Installation & Commissioning Record
Equipment departed Qingdao in early December 2022. The vessel arrived at Apapa on January 14, 2023. The SONCAP paperwork mismatch triggered an eleven-day customs hold. When the crate finally cleared, a forklift had crushed the right-side timber frame. The soaking pool skirt was bent outward. A hydraulic jack and heat-treated steel bar straightened the frame on the depot floor in three hours. Water testing confirmed no leaks.
The depot floor was compacted with twenty years of flour dust. Before installation, the entire production zone was pressure-washed and allowed to dry for forty-eight hours. The fryer was leveled on the existing concrete, which was fortunately load-bearing; no shims were needed beyond 6mm under the north leg.
Tunde, a forty-two-year-old former flour bag handler, was assigned to the slicer station. He kept his flour-dust mask on during the first morning. The commissioning engineer explained that oil vapor and canvas masks do not mix. Tunde removed it but stood two meters back from the machine. By day three he was feeding the slicer continuously. By day six he was checking slice thickness with a caliper. He had never held a caliper before.
Operational Performance & ROI
Production Metrics
- Capacity achievement: 82% in month one (soaking protocol confusion), stabilizing at 96% by month three after spot-testing became routine.
- Finished yield: 82% from raw cassava to packed chips. Loss comes from peel, crown ends, and soaked slices discarded after failed cyanide tests.
- Oil turnover: 10% fresh oil added monthly. Cassava absorbs less oil than plantain, extending fryer oil life.
- Labor per shift: 5 workers (2 sorting/peeling/soaking, 1 slicer/fryer monitor, 1 seasoning/packing, 1 floor supervisor).
- Energy cost: NEPA grid at ₦90/kWh for 55% of runtime; generator diesel at ₦270/kWh for 45%. Weighted average: ₦171/kWh.

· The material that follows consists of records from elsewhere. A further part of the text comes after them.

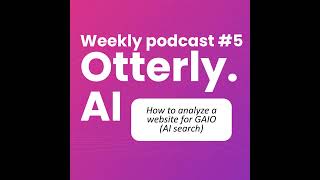 Otterly.AI Weekly - Episode 5: How to analyze any website for GAIO (AI search)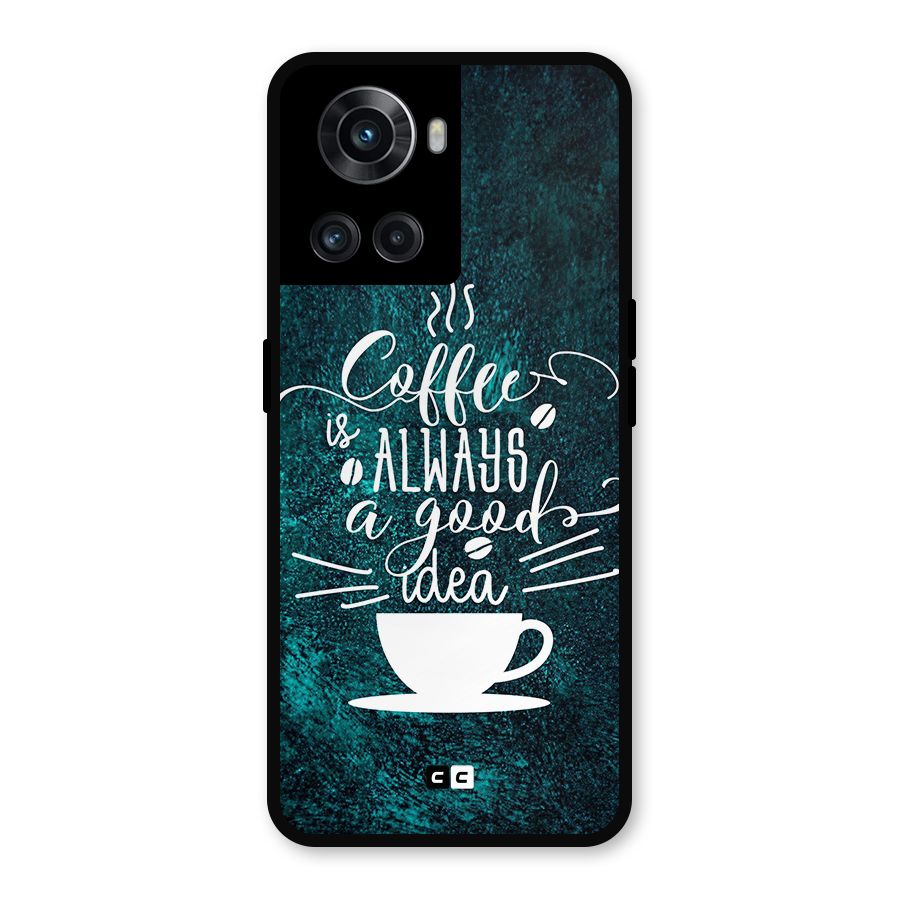 Always Coffee Metal Back Case for OnePlus 10R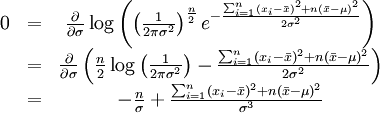 /begin{matrix} 0 & = & /frac{/partial}{/partial /sigma} 

/log /left( /left( /frac{1}{2/pi/sigma^2} /right)^/frac{n}{2} e^{-/frac{

 /sum_{i=1}^{n}(x_i-/bar{x})^2+n(/bar{x}-/mu)^2}{2/sigma^2}} /right) // 

  & = & /frac{/partial}{/partial /sigma} /left( 

/frac{n}{2}/log/left( /frac{1}{2/pi/sigma^2} /right) - /frac{ 

/sum_{i=1}^{n}(x_i-/bar{x})^2+n(/bar{x}-/mu)^2}{2/sigma^2} /right) //   

& = & -/frac{n}{/sigma} + /frac{ 

/sum_{i=1}^{n}(x_i-/bar{x})^2+n(/bar{x}-/mu)^2}{/sigma^3} // 

/end{matrix}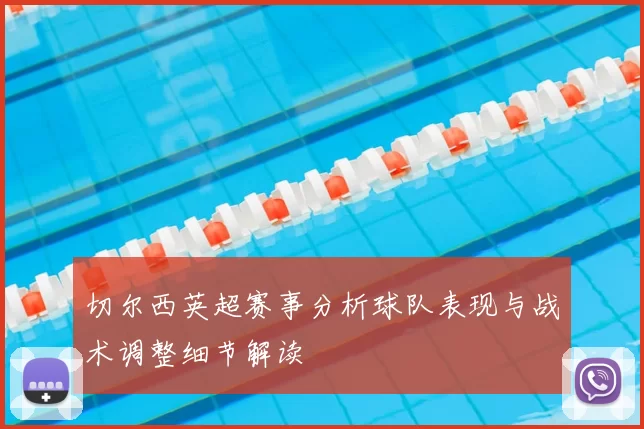 切尔西英超赛事分析球队表现与战术调整细节解读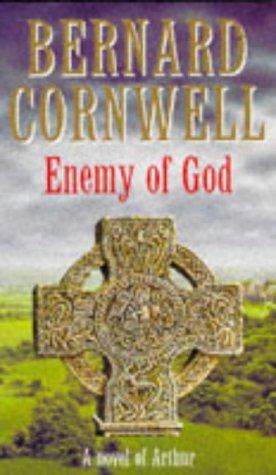 Bernard Cornwell: The Enemy of God (Paperback, 1997, Michael Joseph)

- Payback period: 12 months at 75% utilization.
Financial Analysis
At 300 kg/soat input and 82% yield, a single eight-hour shift at 75% utilization produces approximately 1,475 kilograms of finished chips. Packed in 40-gram sachets at a wholesale price of ₦65 per pack to distributors serving Lagos mainland kiosks, daily output equals roughly 36,875 packs. After raw cassava (₦150/kg), packaging film, seasoning, and power costs, the net margin recovers the line investment in twelve months. The client has since reduced wheat flour orders by forty percent.
Customer Feedback
“We know flour. We don’t know cassava. First week, the soak time was trouble. They stay on WhatsApp and guide us. Now we run second shift.” — Factory Manager, Apapa, Lagos.

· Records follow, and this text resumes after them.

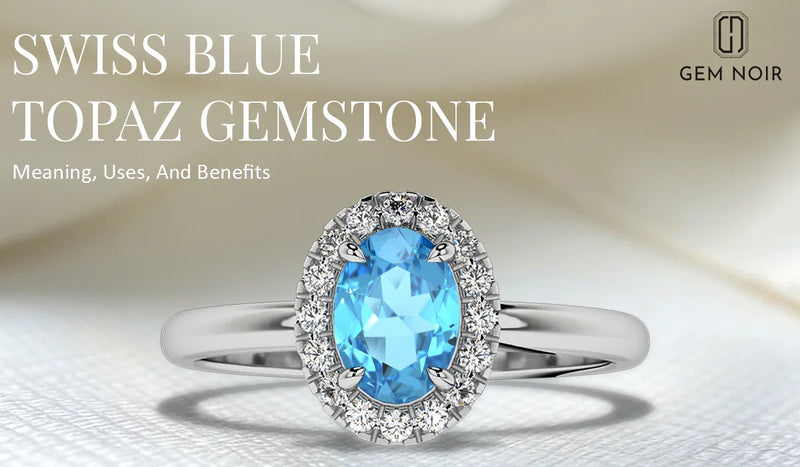 Exploring Swiss Blue Topaz Gemstone: Meaning, Uses, And Benefits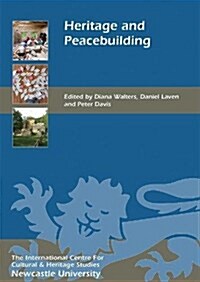 Heritage and Peacebuilding (Hardcover)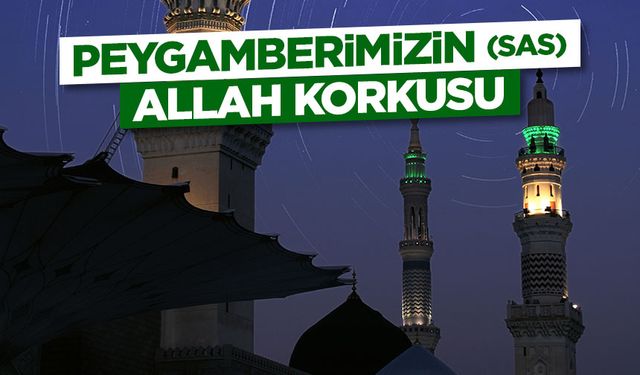 Peygamberimizin (sas) Allah Korkusu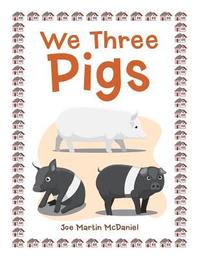bokomslag We Three Pigs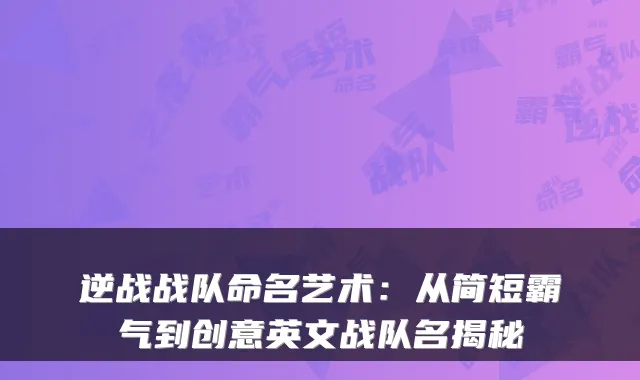 逆战战队命名艺术：从简短霸气到创意英文战队名揭秘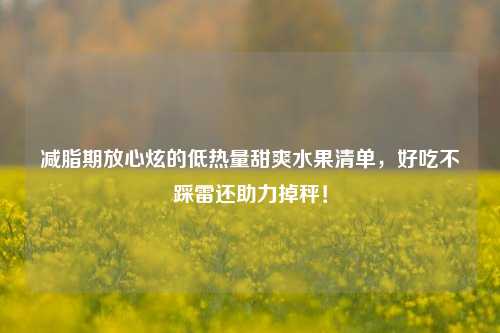减脂期放心炫的低热量甜爽水果清单，好吃不踩雷还助力掉秤！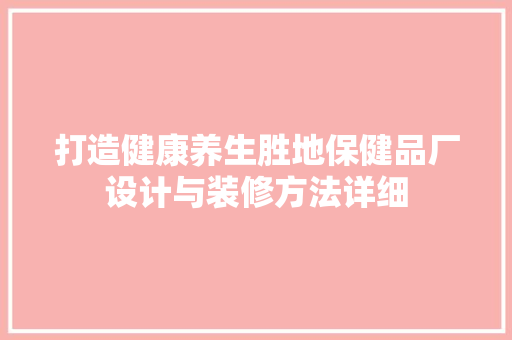 打造健康养生胜地保健品厂设计与装修方法详细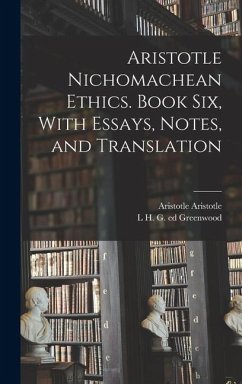 Cover Aristotle Nichomachean Ethics. Book six, With Essays, Notes, and Translation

Technical Recommendations & Resources
Always spot-test incoming cassava for cyanogenic glucoside content using a portable test kit. Do not rely on supplier claims of ”sweet variety”. A ₦25,000 test kit prevents a ₦2 million batch discard.
If converting a dry warehouse for cassava processing, budget for floor drainage and a stainless ventilation hood. Oil vapor and wash-down water destroy standard electrical fittings and create slip hazards on concrete that was never sealed for wet operation.